A Glimpse Inside the Mind of Charles Swan III | Movie review
Roman Coppola’s second feature isn’t a tie-in with Charlie Sheen’s antics.
Those amused by the prospect of seeing Charlie Sheen at the center of an All That Jazz–like revue may find a glimpse is more than enough. The second feature from filmmaking scion and Wes Anderson collaborator Roman Coppola, Charles Swan III should not be mistaken for a tie-in with the star’s public antics, à la Joaquin Phoenix’s work in I’m Still Here. Instead, it’s a dip into the familiar waters of tortured-artist self-reflection, centered on a figure whose alleged charisma and genius ostensibly excuse his personal flaws. Sheen’s title character is a womanizing graphic designer whose hyperactive imagination goes reeling after his breakup with would-be soul mate Ivana (Katheryn Winnick).
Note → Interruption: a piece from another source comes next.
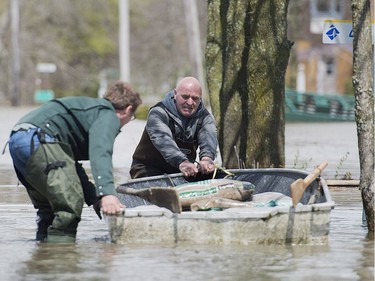 Two men pull a small boat loaded with sandbags in the town of Rigaud, west of Montreal, Saturday, May 6, 2017, following flooding in the region.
The movie sets its tone—and signals its trajectory—at the outset, when Swan accidentally drives his vintage Cadillac backward down a cliff.
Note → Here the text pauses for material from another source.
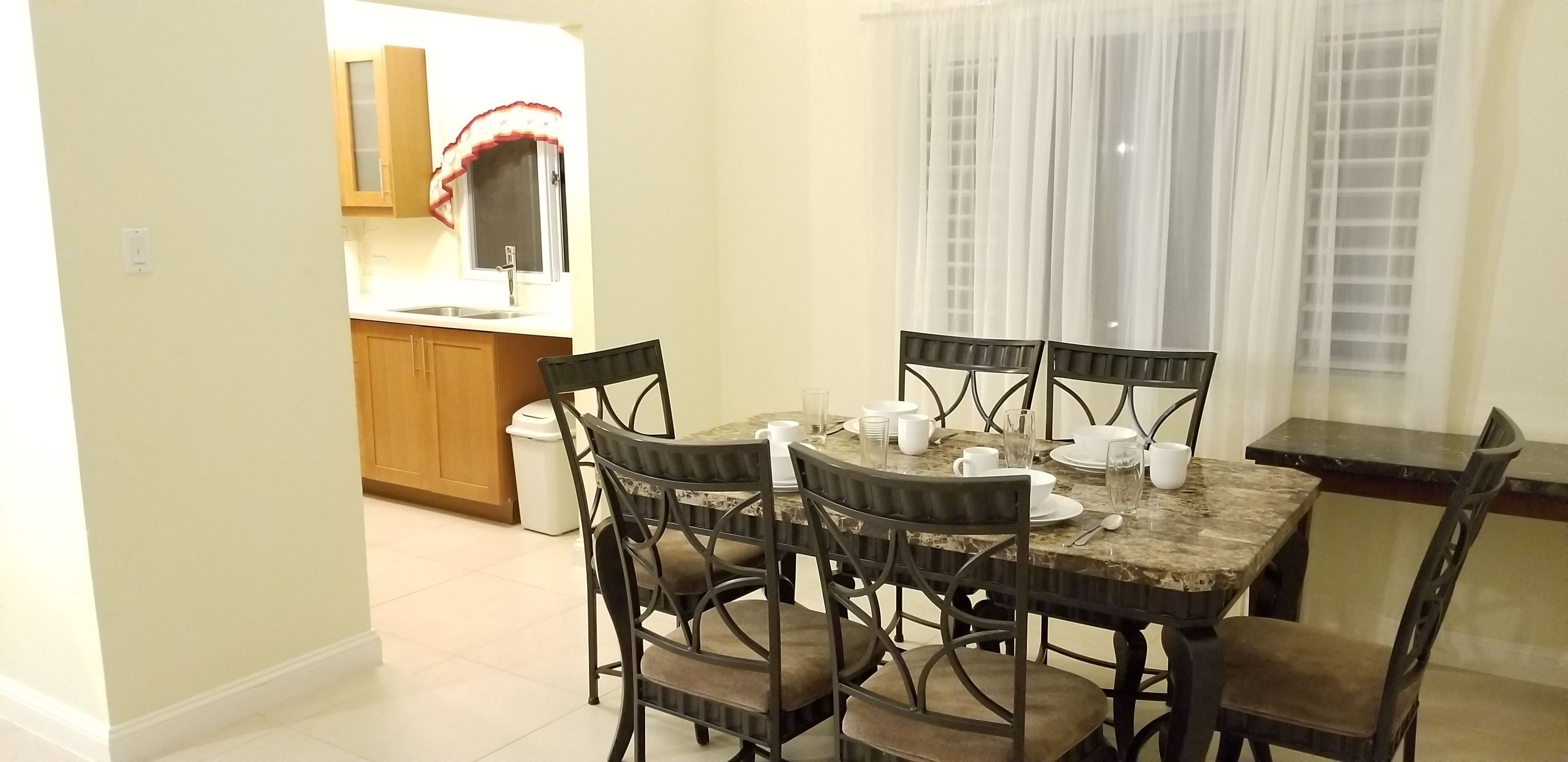A dining area with a marble table and four chairs, a kitchen in the background, and a window with sheer curtains.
As in 2001’s CQ, Coppola displays a zest for period art direction (’70s here, ’60s there) matched only by his apparent disinterest in narrative drive. Set pieces exist simply because they can: Swan and his comedian friend (Jason Schwartzman, looking very Tony Roberts with curly hair and a beard) wander into a Western and are attacked by scantily clad female Indians; later, in a visualization of one of Schwartzman’s stand-up bits, the men are hounded by a secret league of girlfriends who’ve formed a military-style spy agency to monitor infidelities. Like Roy Scheider’s Fosse clone in Jazz, Swan wonders if he’s dying, though his fears turn out to be as exaggerated as the mise en scène. Everyone from Bill Murray (looking bored as Swan’s manager) to “guest stars” Aubrey Plaza and Mary Elizabeth Winstead drops by to boost his ego. (Available on select VOD platforms now and widely beginning Fri 8; opens at AMC 600 N Michigan Feb 15.)